Work to complete ▸ The reply should consist solely of the lines from the one with "Easy Chicken Alfredo Pasta Recipe" through the final line of the listing, copied exactly, with no pictures.

Records provided ▸

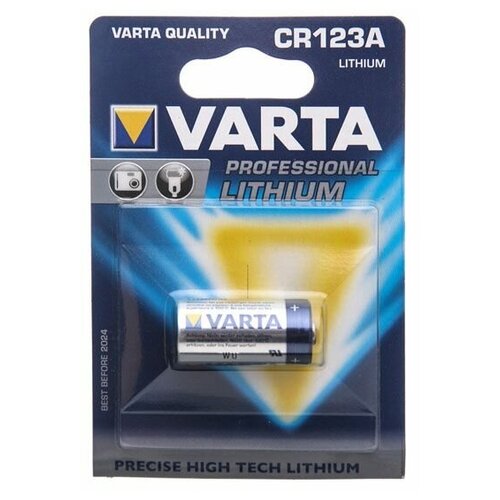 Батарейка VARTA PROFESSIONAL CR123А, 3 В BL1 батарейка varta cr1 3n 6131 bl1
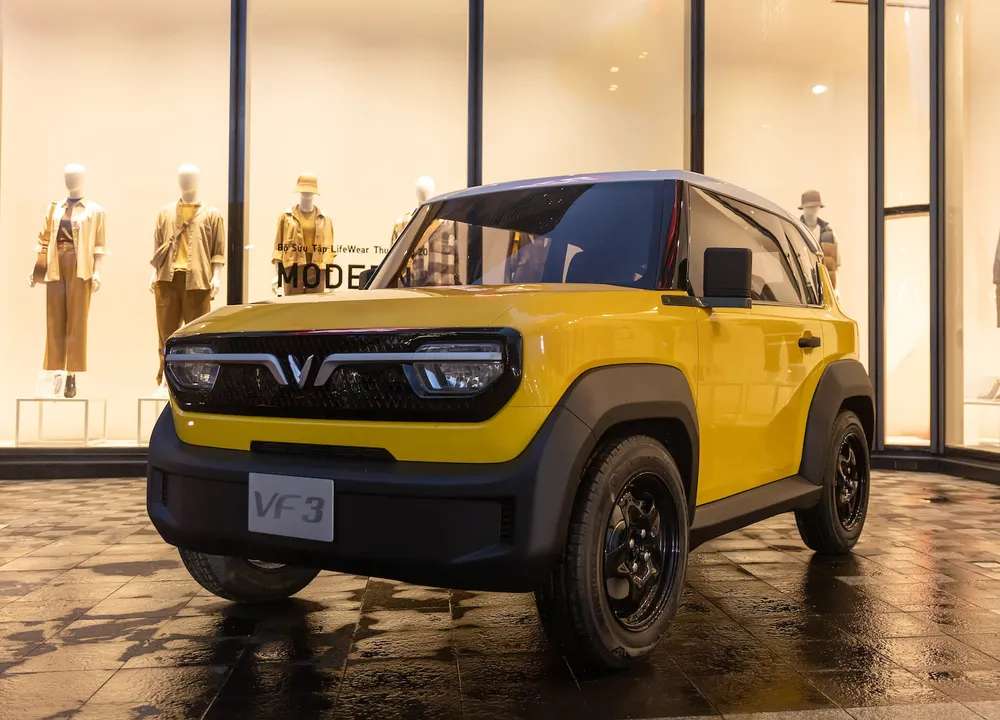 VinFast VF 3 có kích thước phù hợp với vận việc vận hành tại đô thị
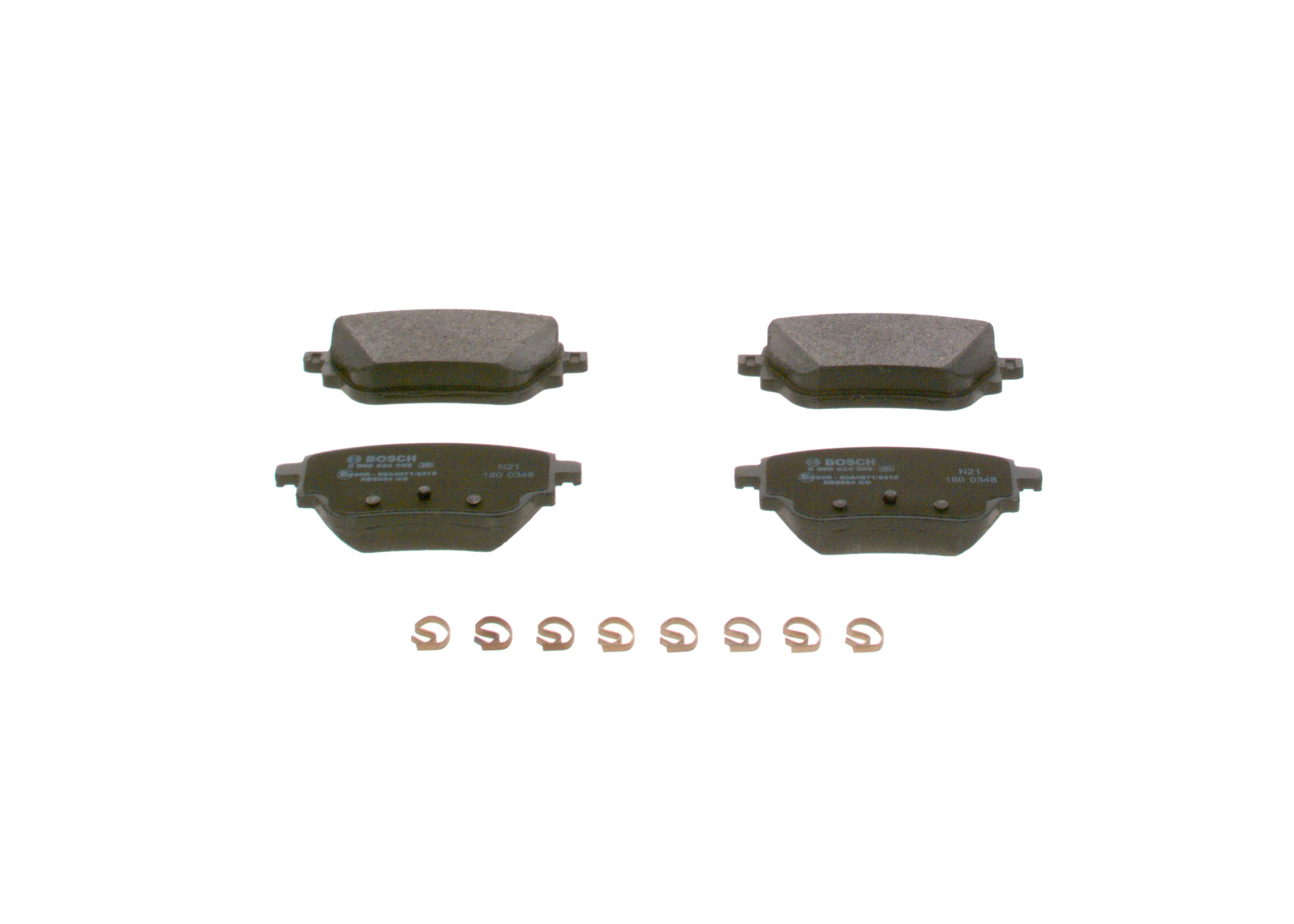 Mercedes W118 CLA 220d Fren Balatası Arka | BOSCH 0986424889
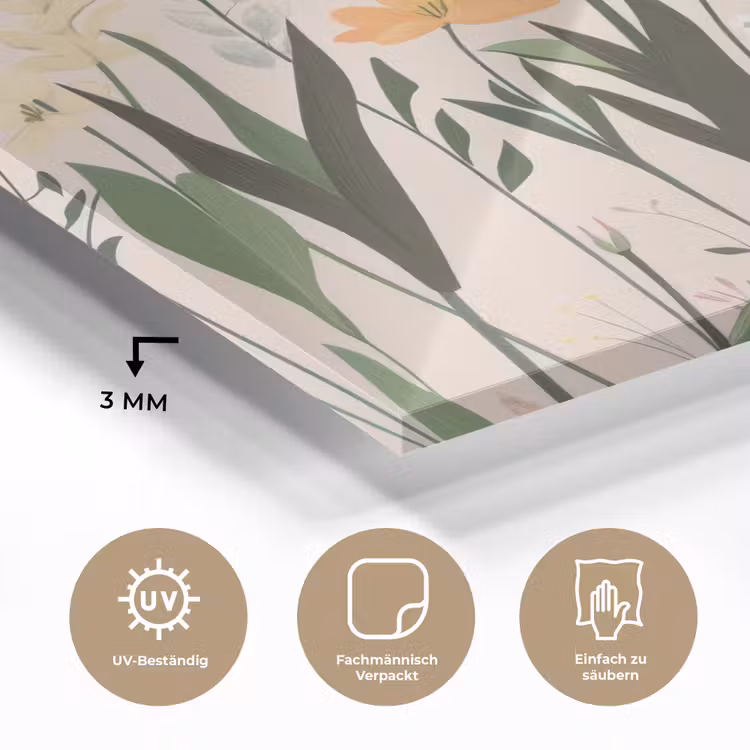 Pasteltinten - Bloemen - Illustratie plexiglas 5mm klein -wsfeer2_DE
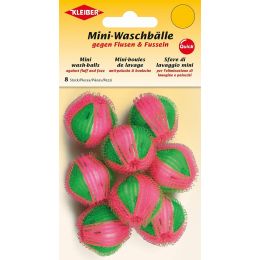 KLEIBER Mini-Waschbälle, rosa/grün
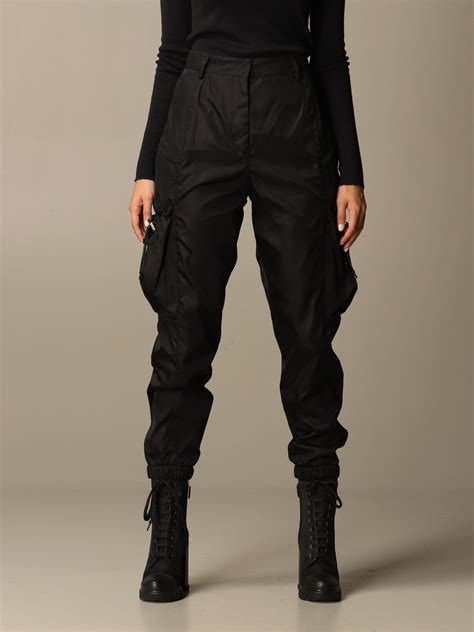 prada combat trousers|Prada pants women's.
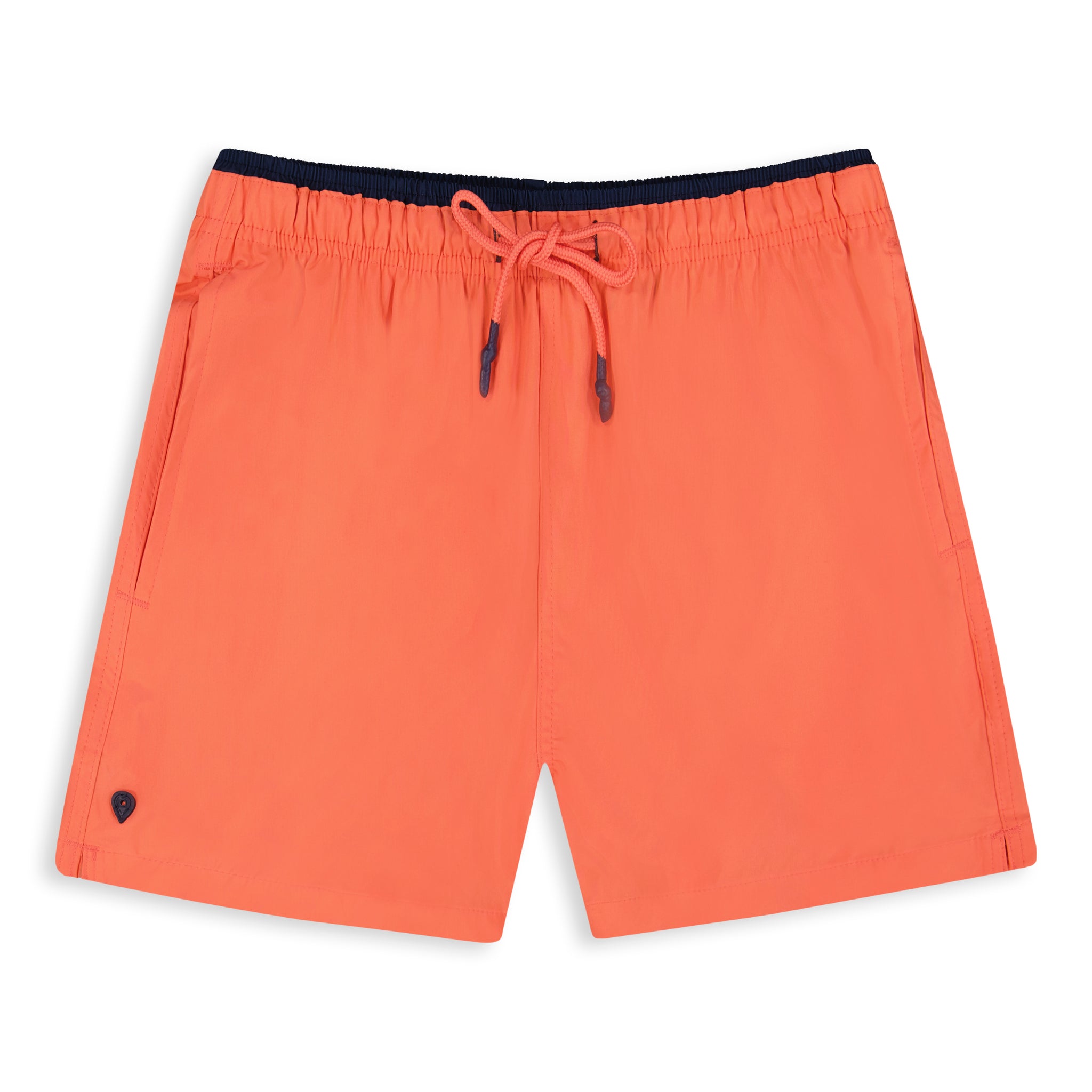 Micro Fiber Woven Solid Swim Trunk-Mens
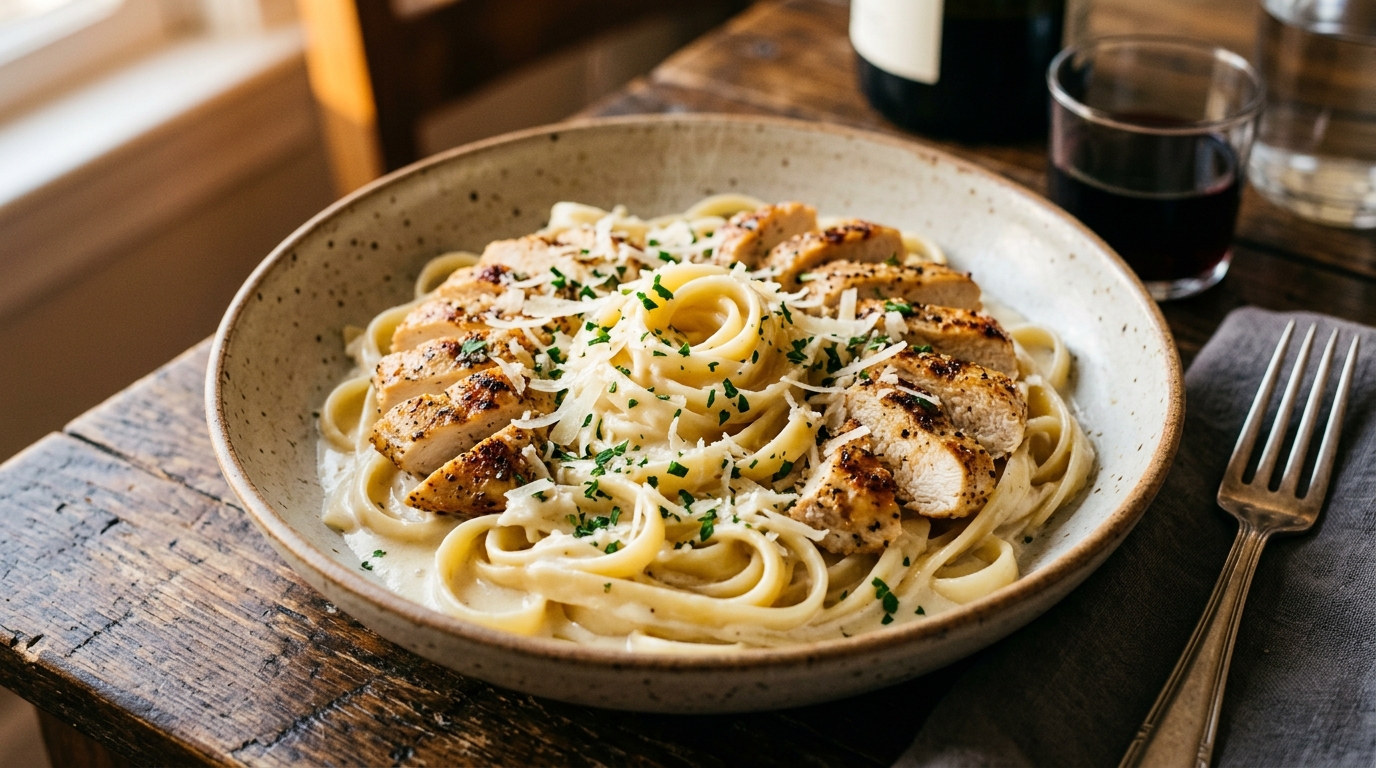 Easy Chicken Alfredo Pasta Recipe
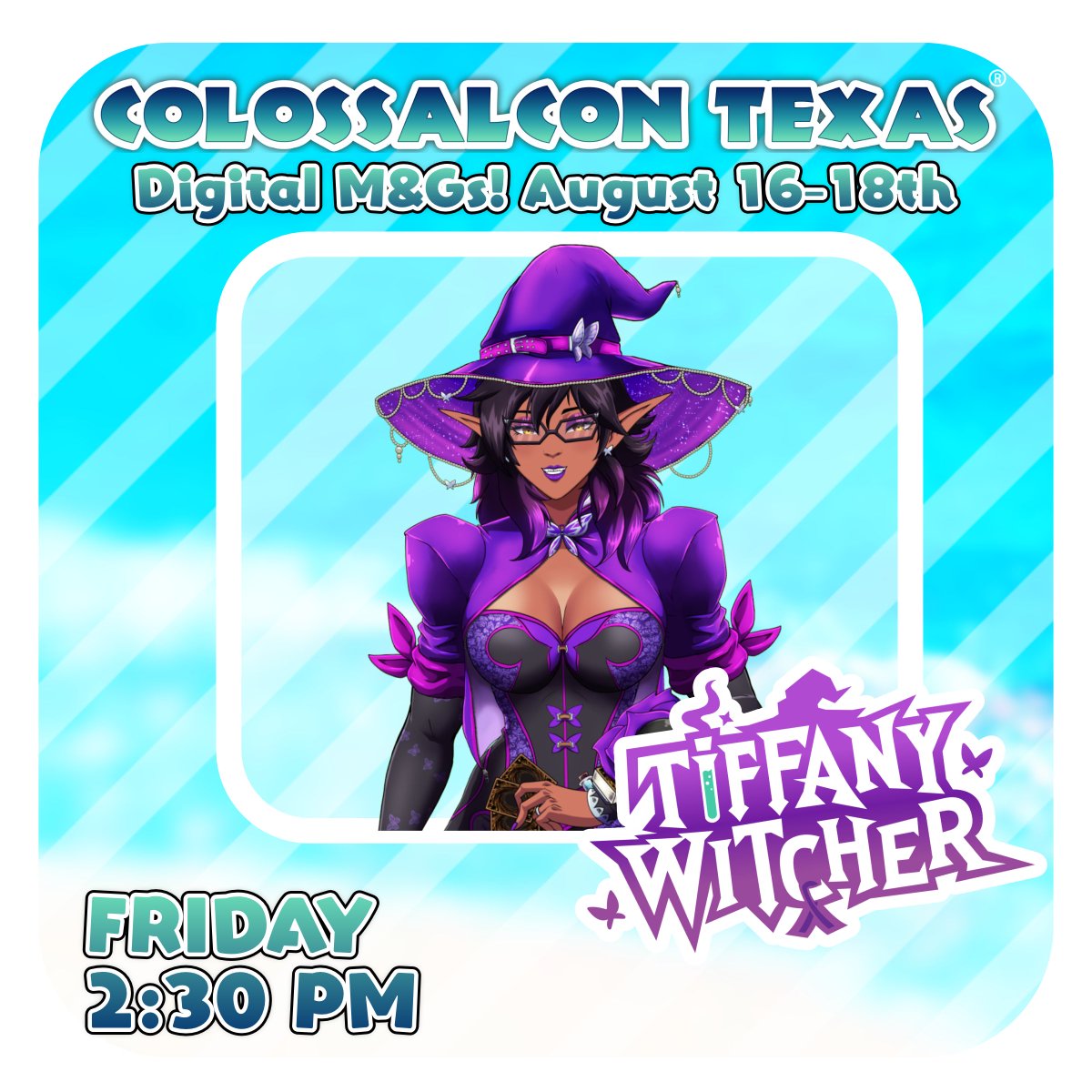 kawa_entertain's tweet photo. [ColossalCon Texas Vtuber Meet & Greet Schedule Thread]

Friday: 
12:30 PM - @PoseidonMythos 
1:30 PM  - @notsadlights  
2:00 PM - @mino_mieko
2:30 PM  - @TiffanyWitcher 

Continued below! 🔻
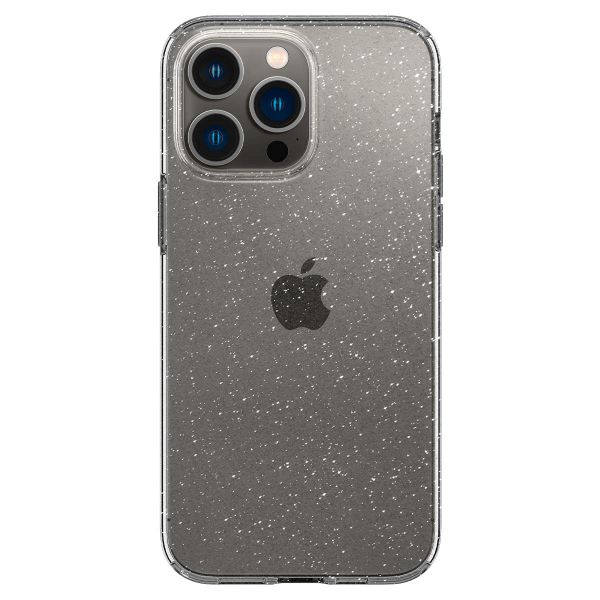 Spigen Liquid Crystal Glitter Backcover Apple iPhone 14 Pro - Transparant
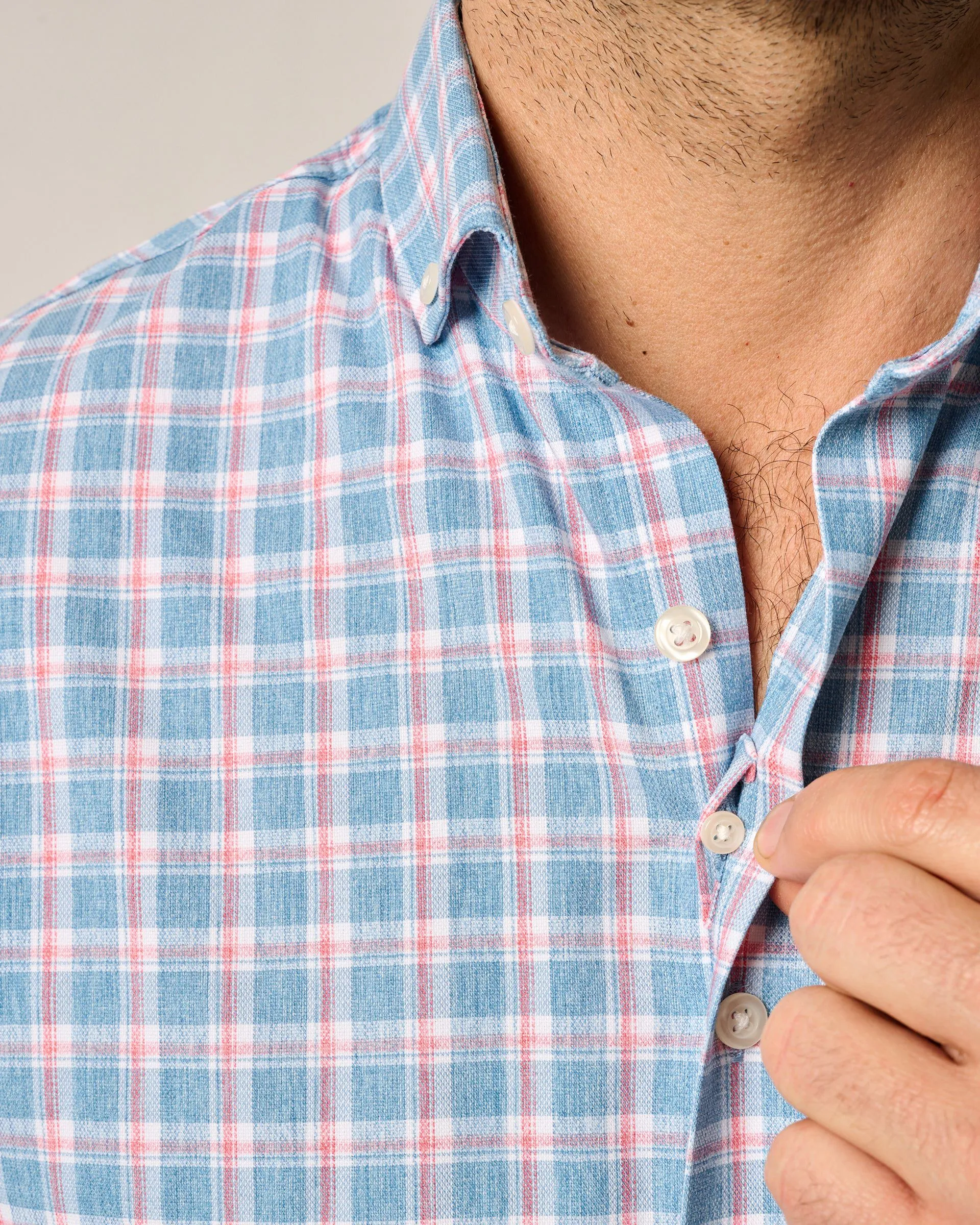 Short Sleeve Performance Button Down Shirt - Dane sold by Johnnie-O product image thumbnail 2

Worked solution ▸
 Easy Chicken Alfredo Pasta Recipe
 kawa_entertain's tweet photo. [ColossalCon Texas Vtuber Meet & Greet Schedule Thread]

Friday: 
12:30 PM - @PoseidonMythos 
1:30 PM  - @notsadlights  
2:00 PM - @mino_mieko
2:30 PM  - @TiffanyWitcher 

Continued below! 🔻
 Spigen Liquid Crystal Glitter Backcover Apple iPhone 14 Pro - Transparant
 Short Sleeve Performance Button Down Shirt - Dane sold by Johnnie-O product image thumbnail 2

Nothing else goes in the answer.